Post-Napoleonic depression
The post-Napoleonic depression was an economic depression in Europe and the United States after the end of the Napoleonic Wars in 1815.
In England and Wales, an agricultural depression led to the passage of the Corn Laws, and placed great strain on the system of poor relief inherited from Elizabethan times. In Ireland, wheat and other grain prices fell by half, and alongside continued population growth, landlords converted cropland into rangeland by securing the passage of tenant farmer eviction legislation in 1816, which led, because of the Irish workforce's historic concentration in agriculture, to a greater subdivision of remaining land plots under tillage and increasingly less efficient and less profitable subsistence farms.
Also, after the end of the Napoleonic Wars in 1815, a brief boom in textile manufacture in England was followed by periods of chronic industrial economic depression, particularly among textile weavers and spinners. Weavers who could have expected to earn 15 shillings for a six-day week in 1803, saw their wages cut to 5 shillings or even 4s 6d by 1818. The industrialists, who were cutting wages without offering relief, blamed market forces generated by the aftershocks of the Napoleonic Wars.

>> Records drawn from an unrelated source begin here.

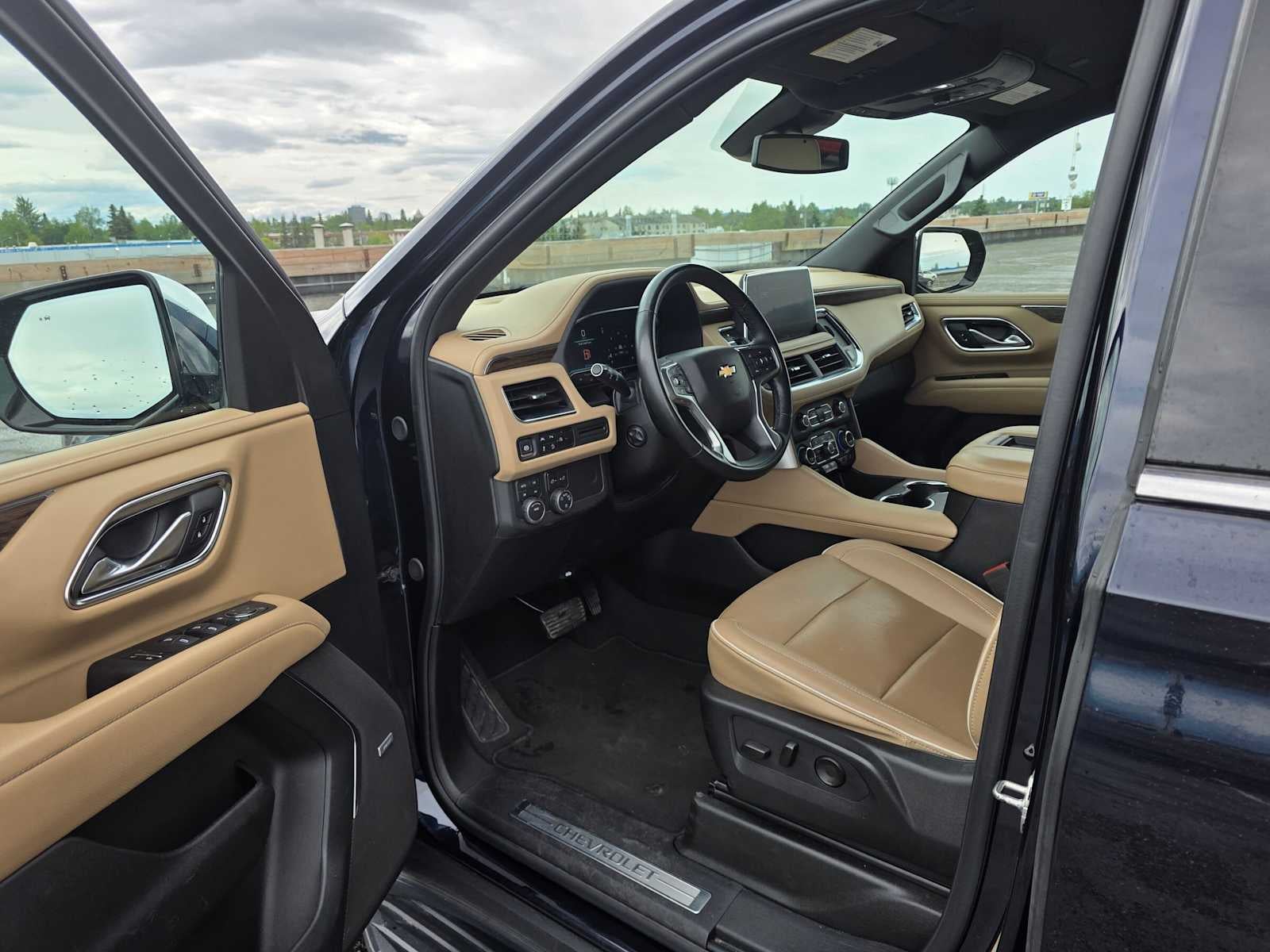 2024 Chevrolet Suburban Premier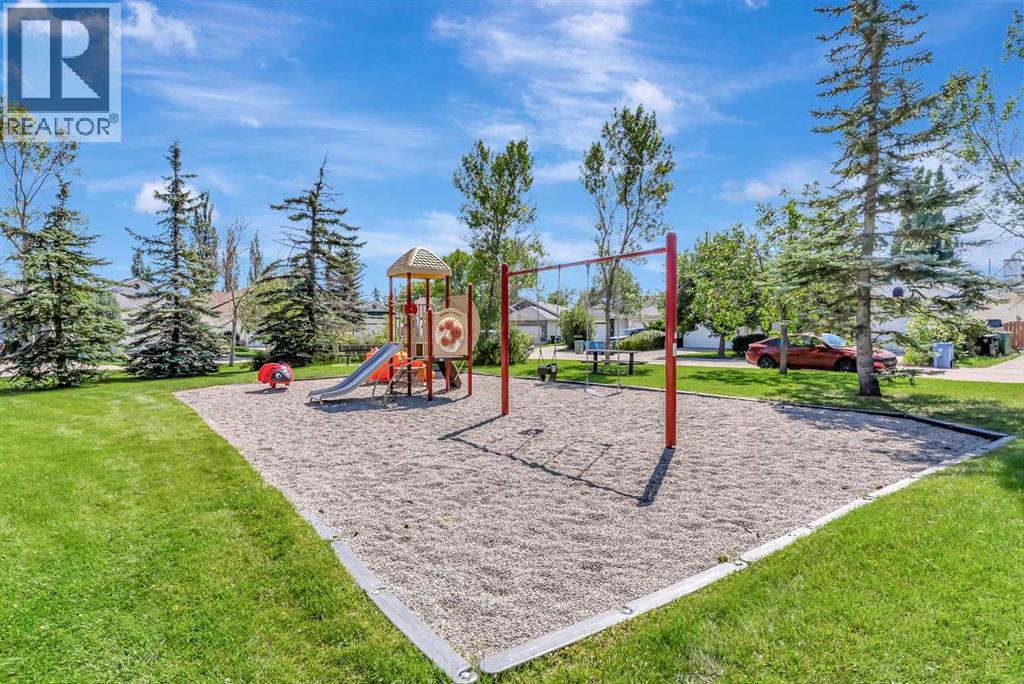 Photo 29 of 155 Douglas Glen Close Se, Calgary AB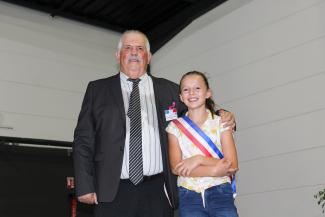 Une triple inauguration à Montbartier : le nouveau complexe dédié au tennis, l'espace santé, et les travaux réalisés dans le groupe scolaire. Jean-Claude Raynal maire de Montbartier qui pose avec une jeune élue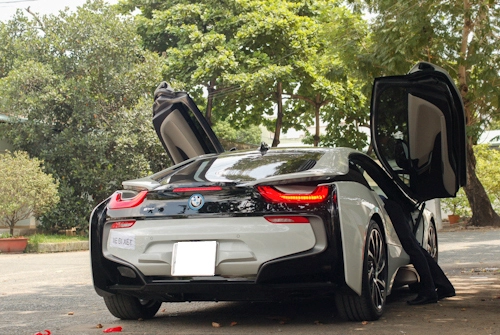  bmw i8 tắm nắng ở sài gòn 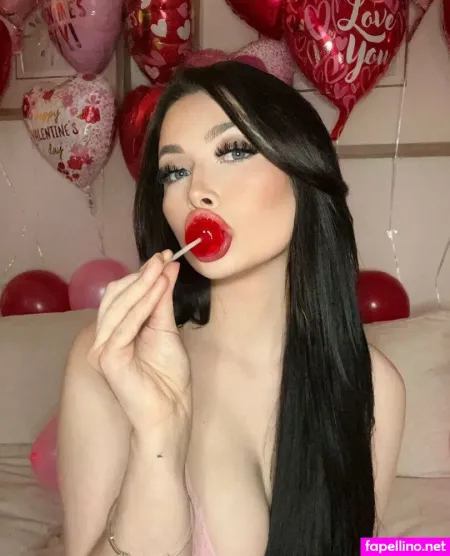 Siren Sarine OnlyFans Thumbnail #tjF3azIwEw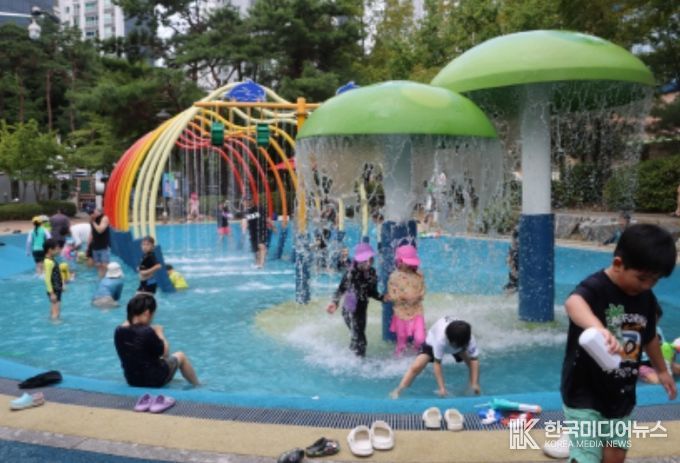 의왕시 내손2동 주민자치회, 물방울 놀이터 물놀이 축제 성료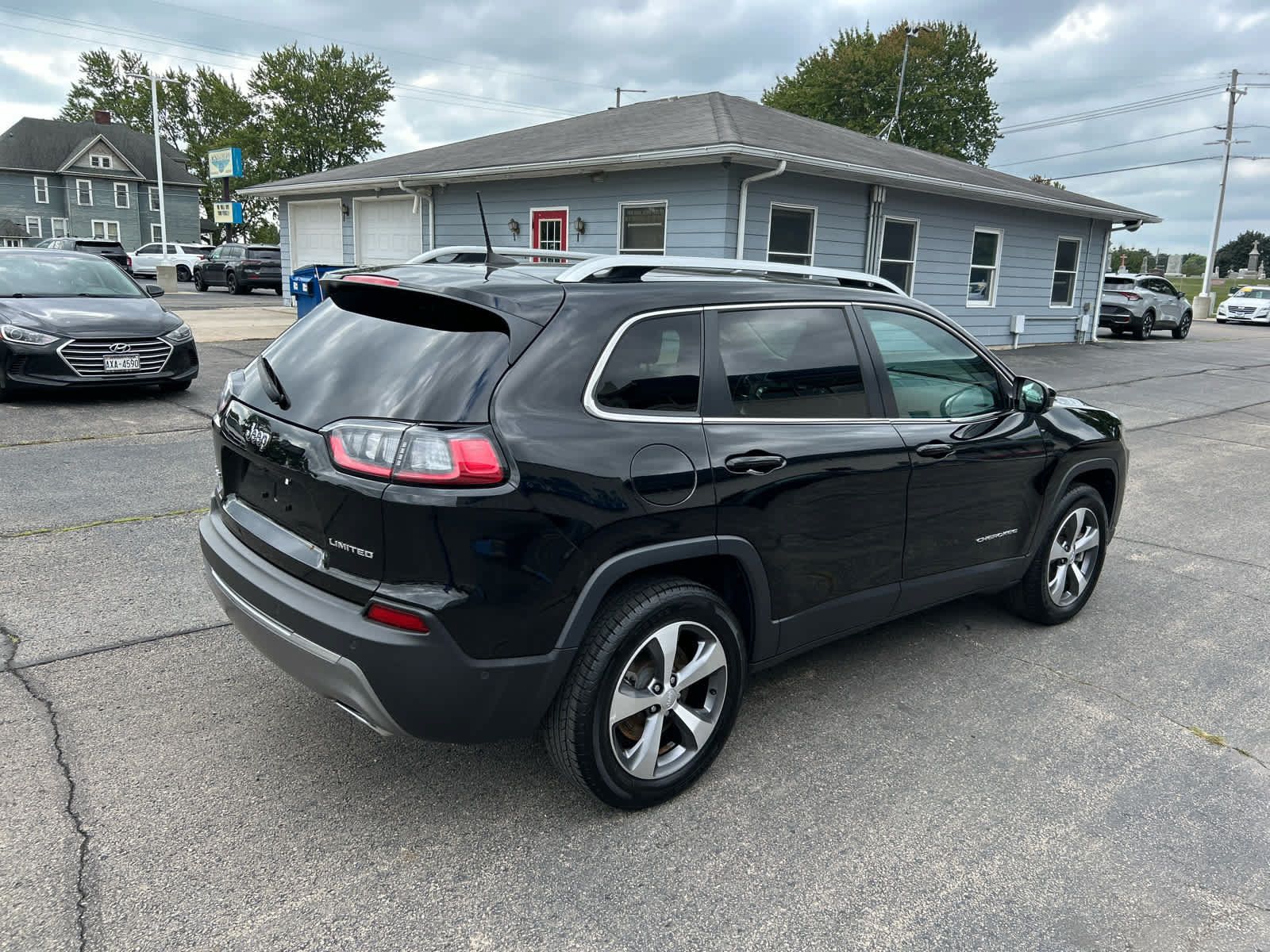 Used 2021 Jeep Cherokee Limited AWD/4WD image 4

At the same time, the Corn Laws exacerbated the situation. They imposed a tariff on foreign grain in an effort to protect English grain producers. The cost of food for working people rose as people were forced to buy the more expensive and lower quality British grain, and periods of famine and chronic unemployment ensued, increasing the desire for political reform both in Lancashire and in the country at large.
In Scotland, the depression ended in 1822.
Samuel Jackson of Pennsylvania theorised that the Panic of 1819 and resulting depression in the United States were caused by the post-Napoleonic depression, holding that the end of the Napoleonic wars had led to the collapse of export markets and resulting underconsumption.